INSTRUCTIONS FOR THE TASK :: The lines below from the one with "3D Print Skull" up to and including the one with "vidaXL TV-Schrank TV-Schrank" are what you should set down, exactly and without pictures.

══════

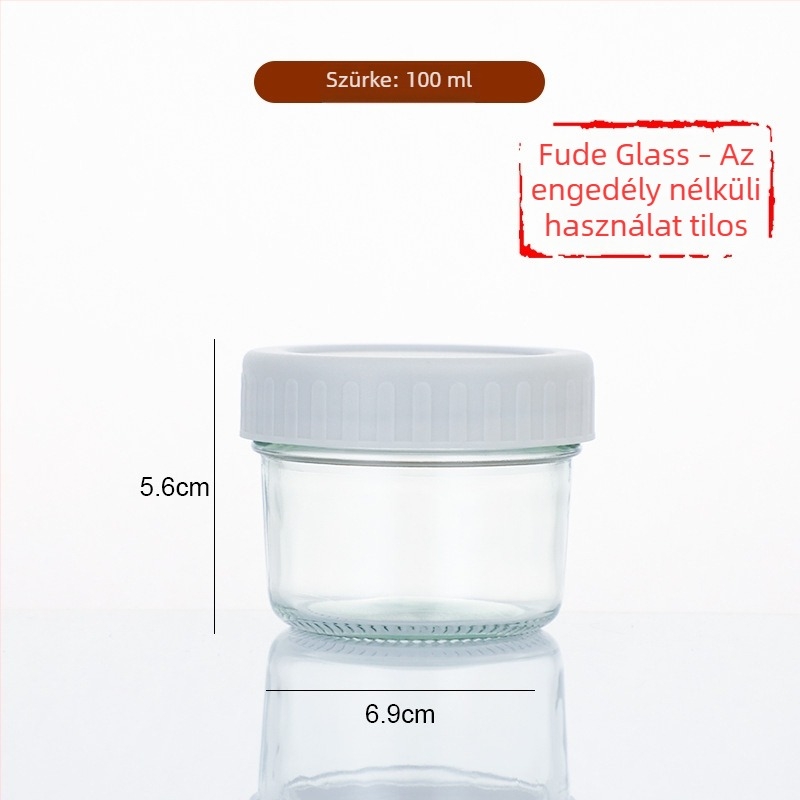 Mini 100 ml üveg élelmiszer-tároláshoz, zárt kupakkal, gyermekek számára, lekvár és méz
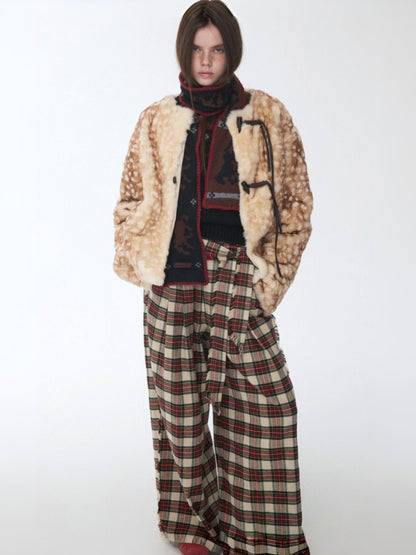 Vintage Fawn Print Otter Fur-Free Straw Horn Buckle Design Loose Plush Jacket【s0000014589】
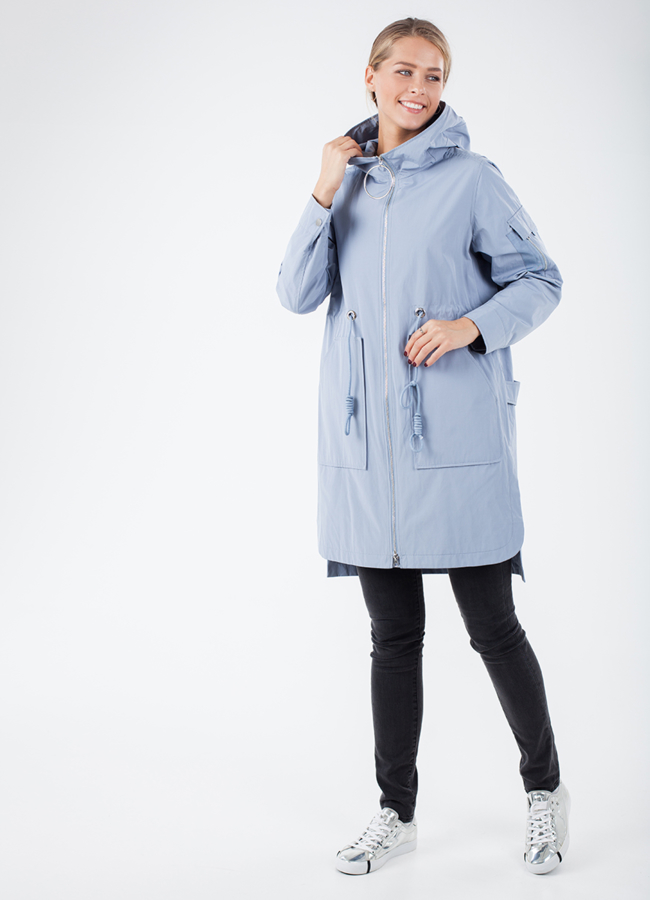 Плащ с капюшоном модель № 516 меха малина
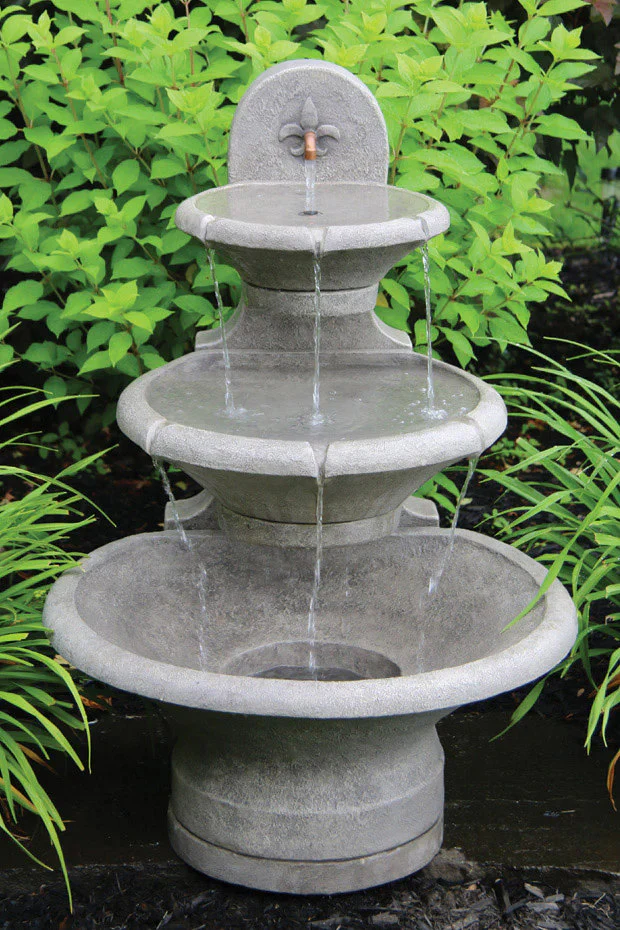 Fleur De Lis Tiered Wall Garden Fountain 35" High - Image 2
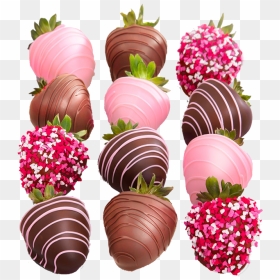 12 Chocolate Covered Strawberries With Shots Valentines - Chocolate Covered Strawberry Clipart, HD Png Download - chocolate covered strawberries png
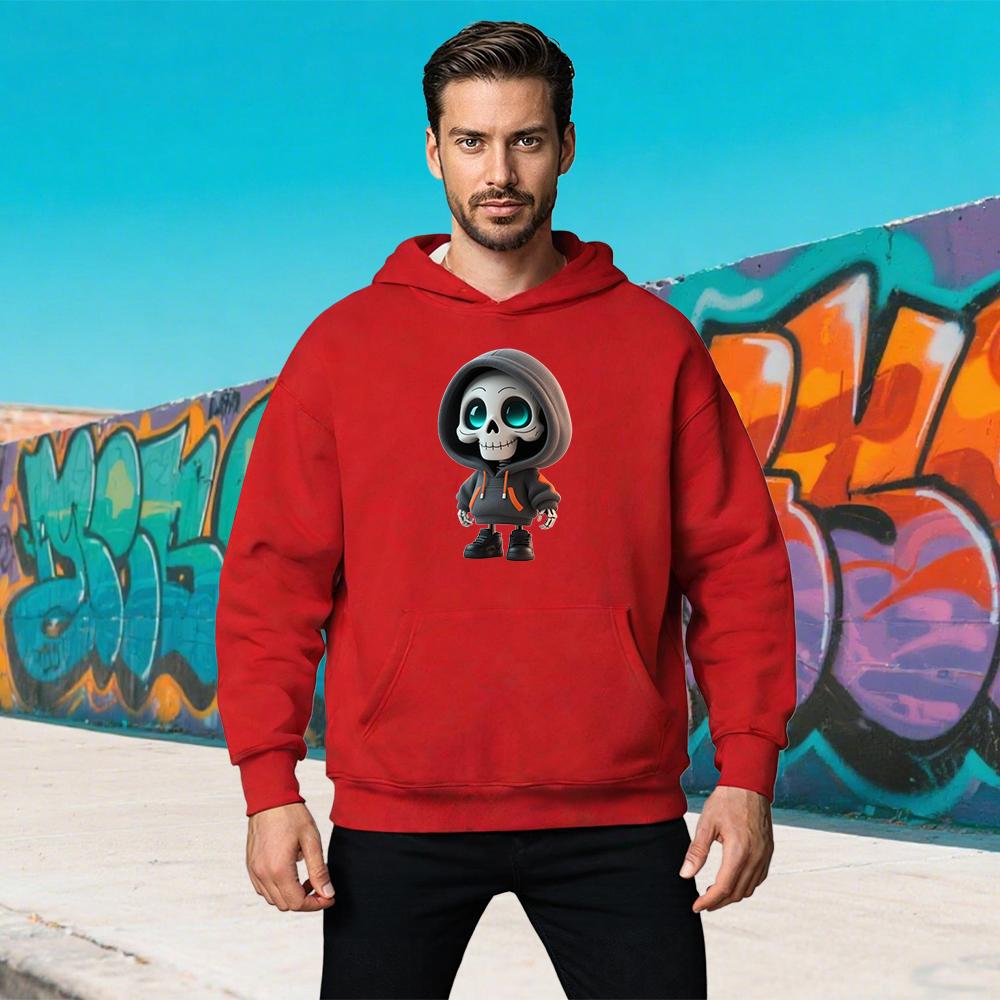 3D Print Skull Men's Sweatshirt Autumn Men's Hoodies Tops Trendy Versatile O-Neck Men's Long Sleeve Retro Fashion Men's Clothing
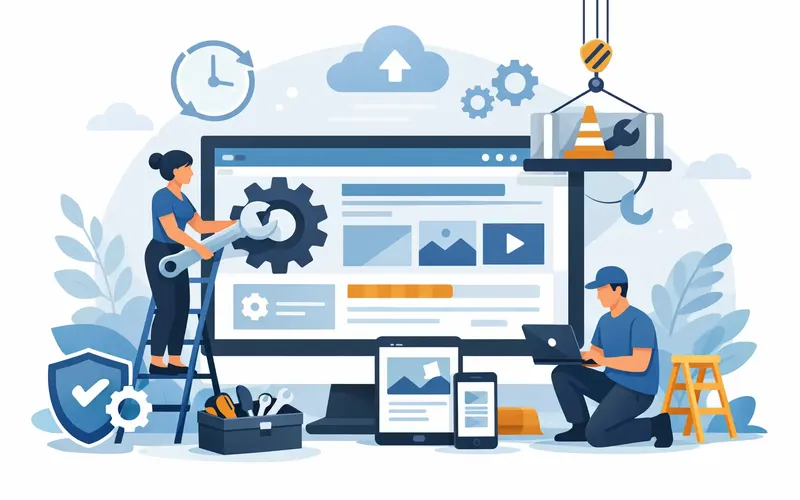 Illustration für den Artikel "Website Wartung für kleine Unternehmen"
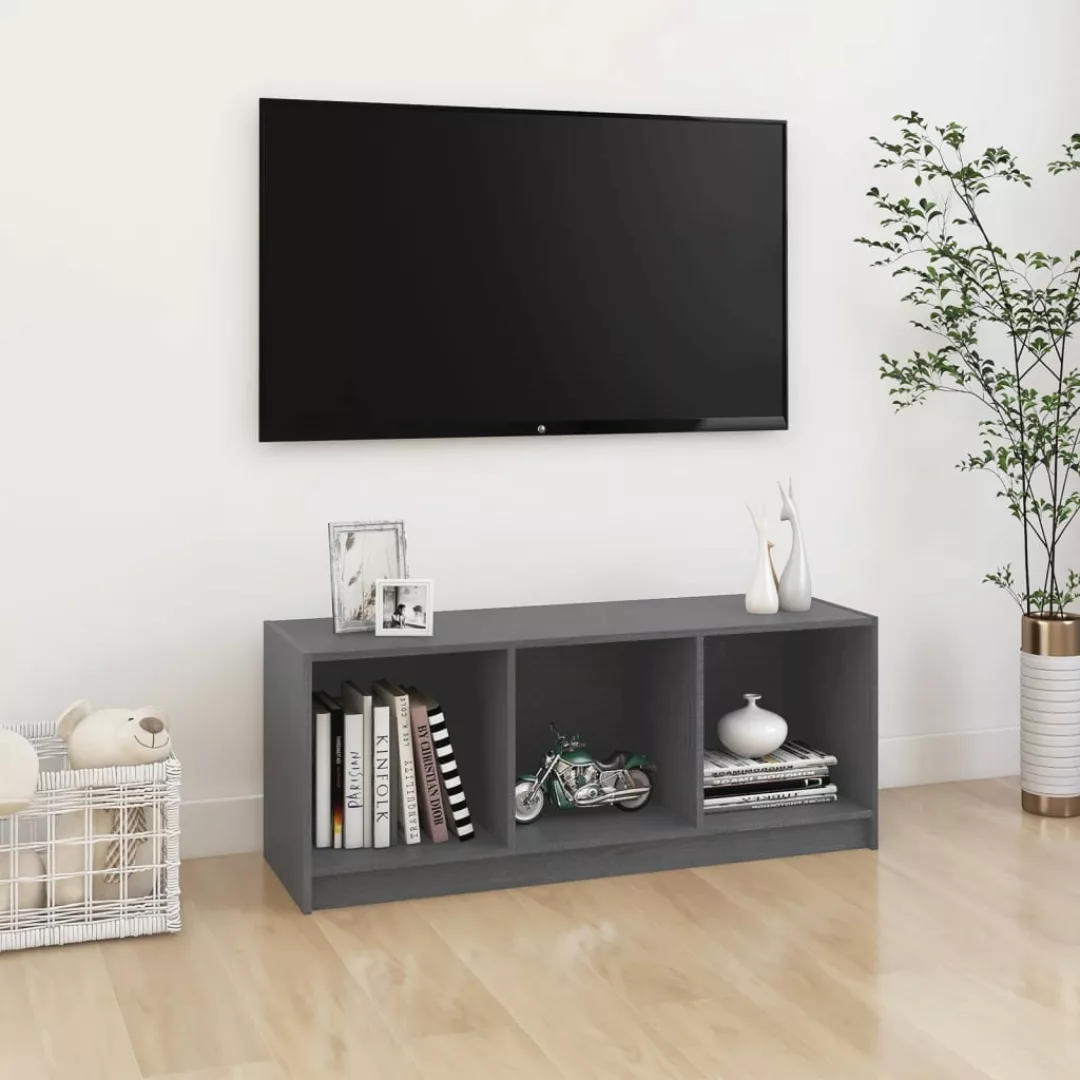 vidaXL TV-Schrank TV-Schrank Grau 104x33x41 cm Massivholz Kiefer Lowboard günstig online kaufen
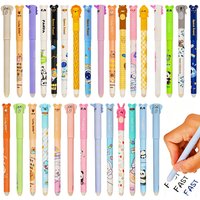 6/12pcs Erasable Pens Fun Cute Animal Gel Pens for School Class Gift Kawaii Pen Party Supplies Mixed Black Blue Pen Core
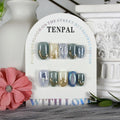 TENPAL Jade Cat Eye Glossy Press-On Nails Kit - Short Oval, Light Green Acrylic with Tools (XS)
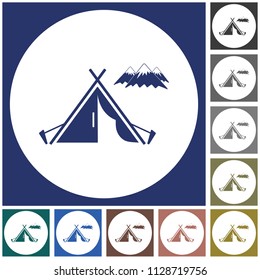 Stylized icon of tourist tent. Vector illustration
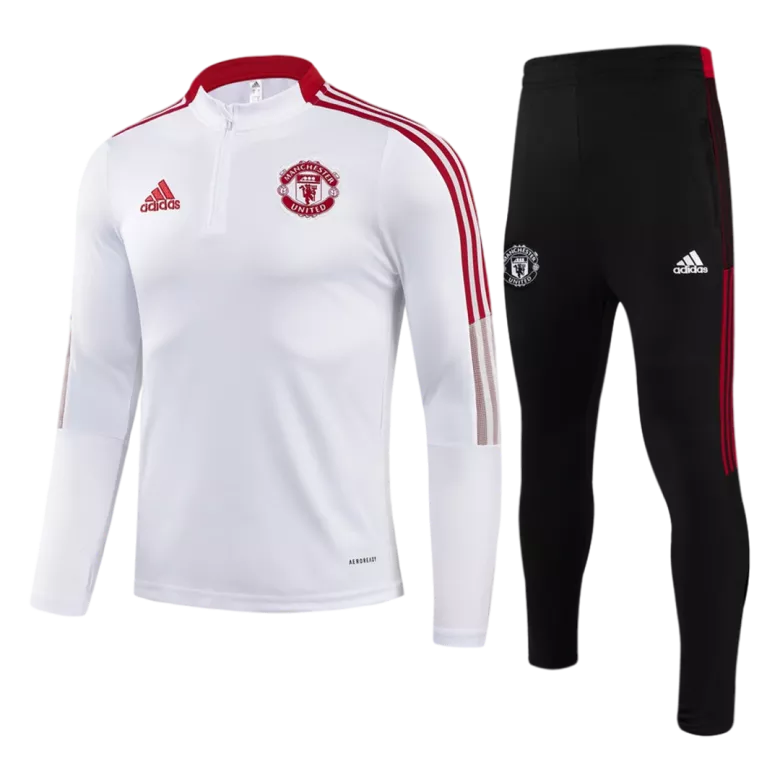 Manchester United 1/4 Zip Tracksuit 2021/22 Kids White - vstockx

══════

ANSWER SECTION ::
 3D Print Skull Men's Sweatshirt Autumn Men's Hoodies Tops Trendy Versatile O-Neck Men's Long Sleeve Retro Fashion Men's Clothing
 Illustration für den Artikel "Website Wartung für kleine Unternehmen"
 vidaXL TV-Schrank TV-Schrank Grau 104x33x41 cm Massivholz Kiefer Lowboard günstig online kaufen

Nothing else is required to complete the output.